E que marca quer deixar no grupo parlamentar? Tem havido algumas críticas de alguma anemia, de a bancada estar apagada, que é o que acontece tradicionalmente quando o partido dessa bancada está no poder. Que marca quer deixar?
Tenho uma visão muito particular sobre o Parlamento. É o centro da democracia. Quando somos líderes parlamentares do partido que suportamos, é normal que seja menos ouvida a sua voz, o que começa logo na comunicação social — se estiver o primeiro-ministro, o líder parlamentar nunca passa nas notícias. Mas eu não me queixo dessa dificuldade, até porque o meu estilo não é o de ter que estar sempre a criticar em público para poder aparecer. Não tenho essa necessidade. Tenho a necessidade de que o grupo parlamentar possa contribuir para melhorar a vida das pessoas e essa é a forma que eu tenho de estar na política.

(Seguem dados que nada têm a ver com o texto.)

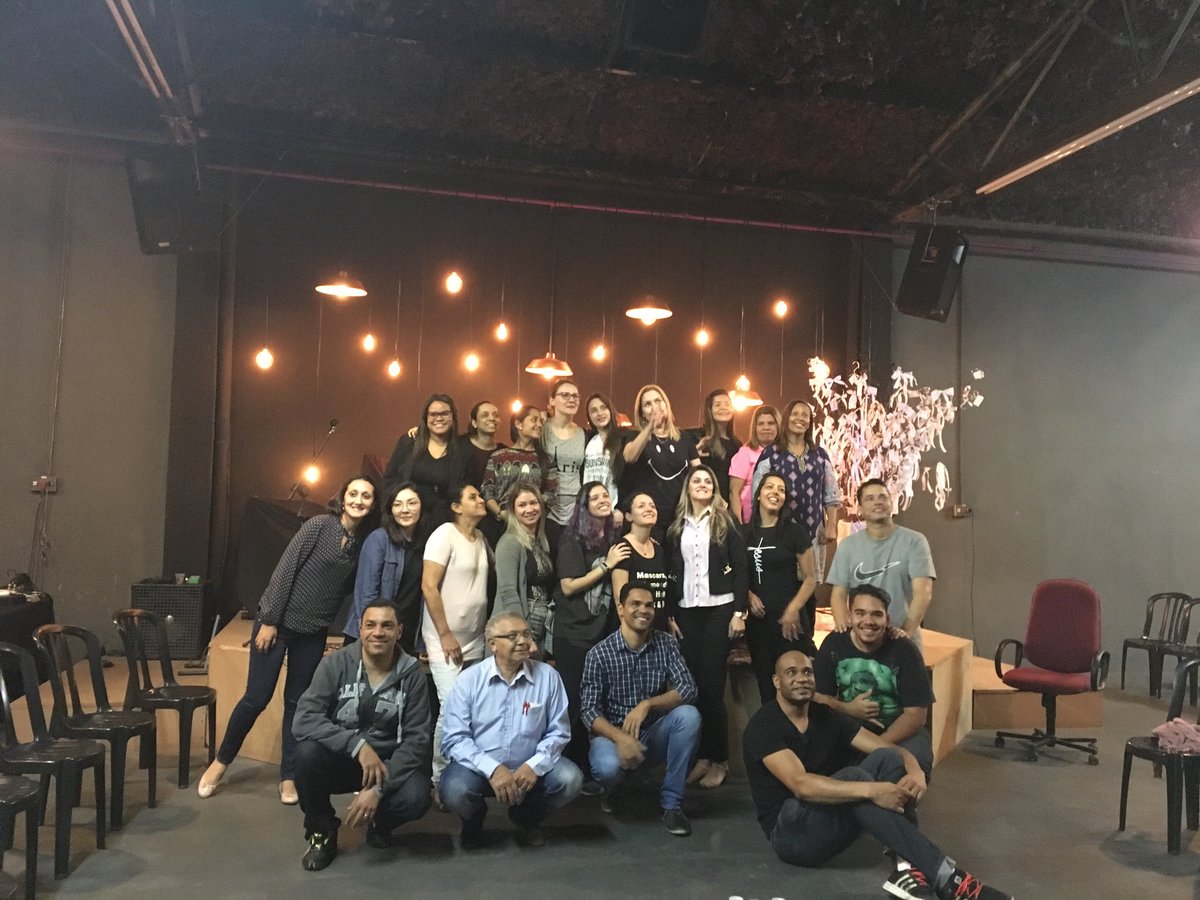 cordemargarida's tweet photo. Meus queridos alunos do nível 1 de Crescimento Emocional... quanta experiência e transformação vivenciamos juntos!
Amo vcs https://t.co/QLM3zQ3wLZ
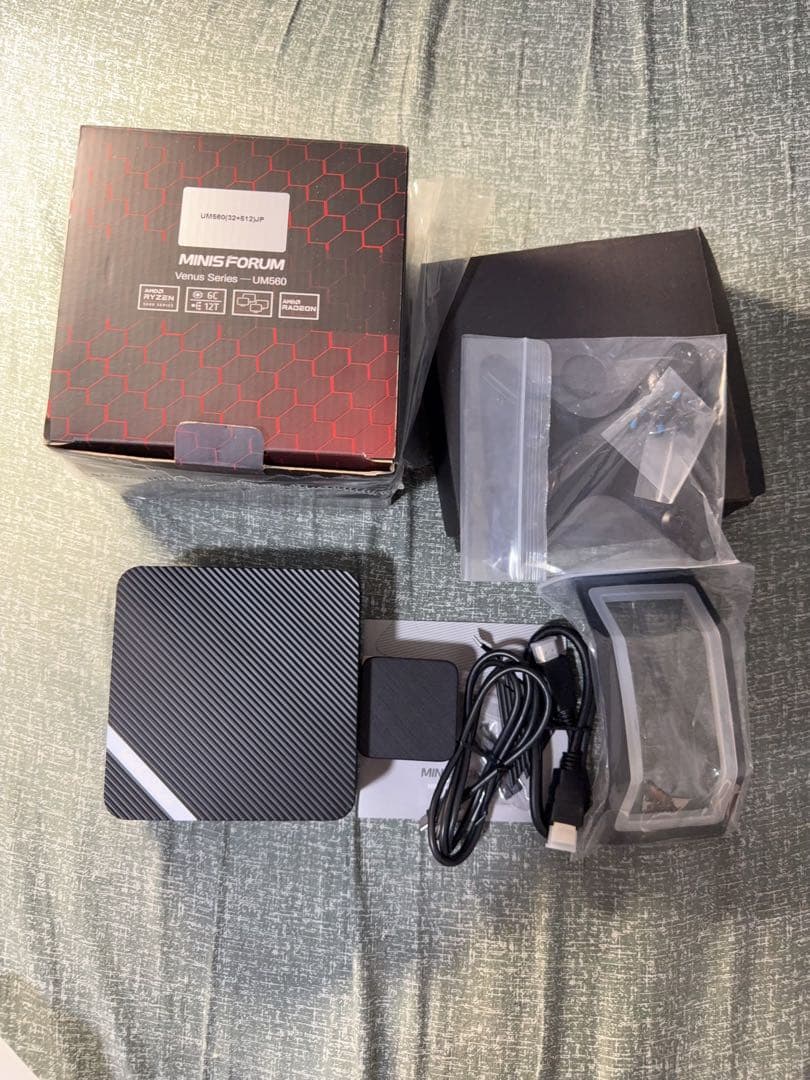 C*R様 MINISFORUM UM560 (ジャンク)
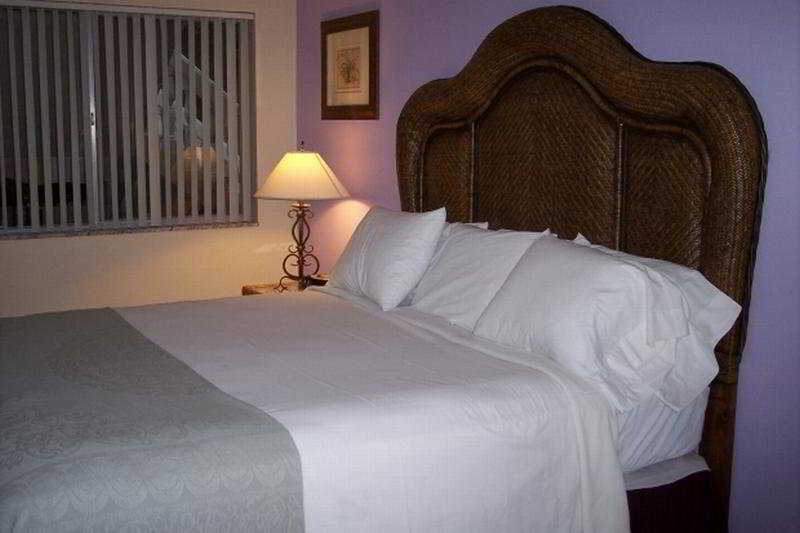 Cheston House - Clothing Optional All Male Guesthouse Fort Lauderdale Exteriör bild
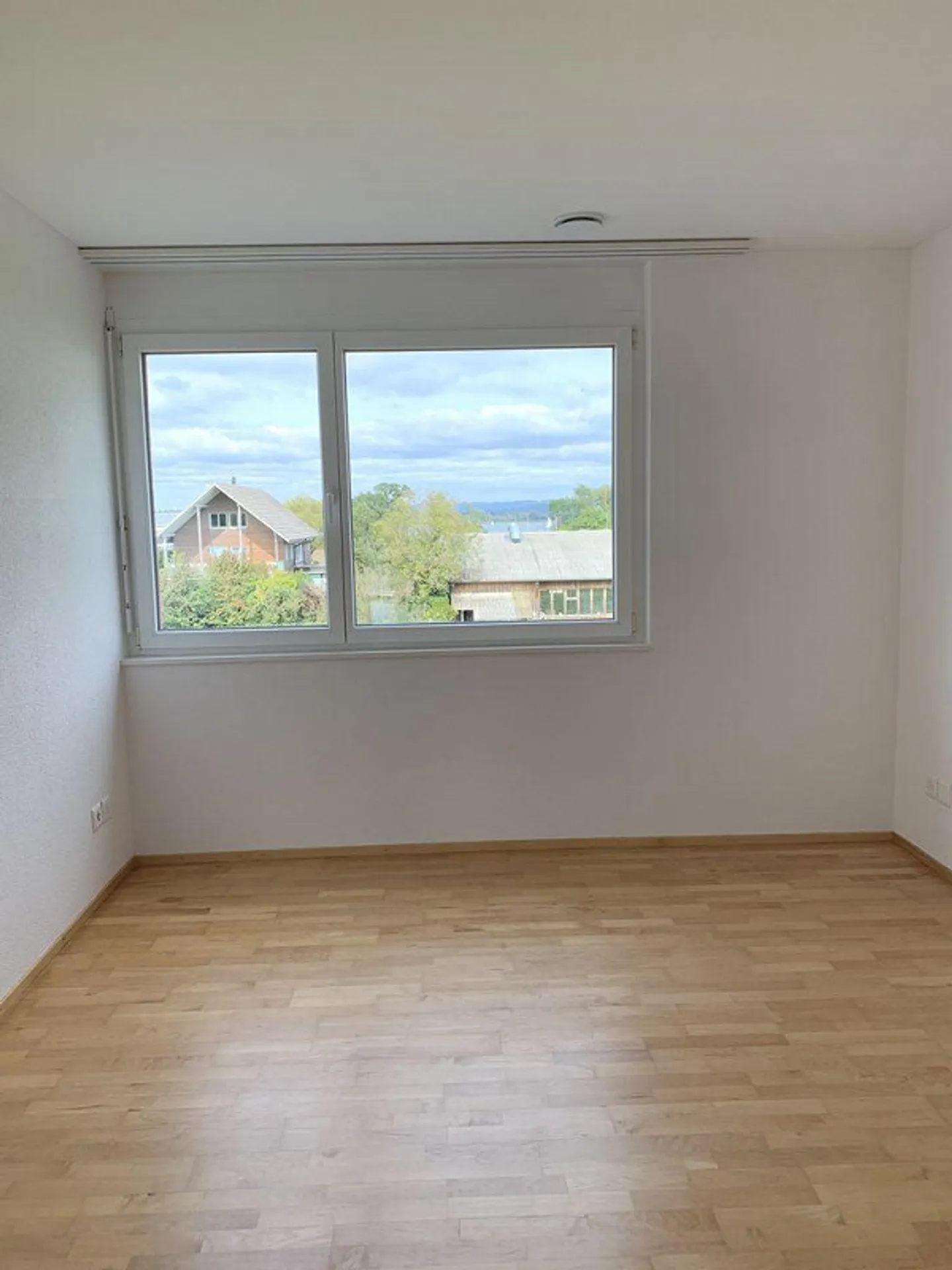 Appartement lumineux de 3,5 pièces avec balcon dans un emplacement calme à Kreuzlingen - Photo 6 sur 13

Mesmo nos debates quinzenais, que agora aparentemente vão acabar, não é a líder parlamentar quem tem feito as intervenções.
Mas isso não é novo, na anterior legislatura o meu antecessor também fez isso várias vezes e é uma forma de dar voz àqueles que foram eleitos. Eu tenho 108 deputados que também merecem ser ouvidos nestes debates.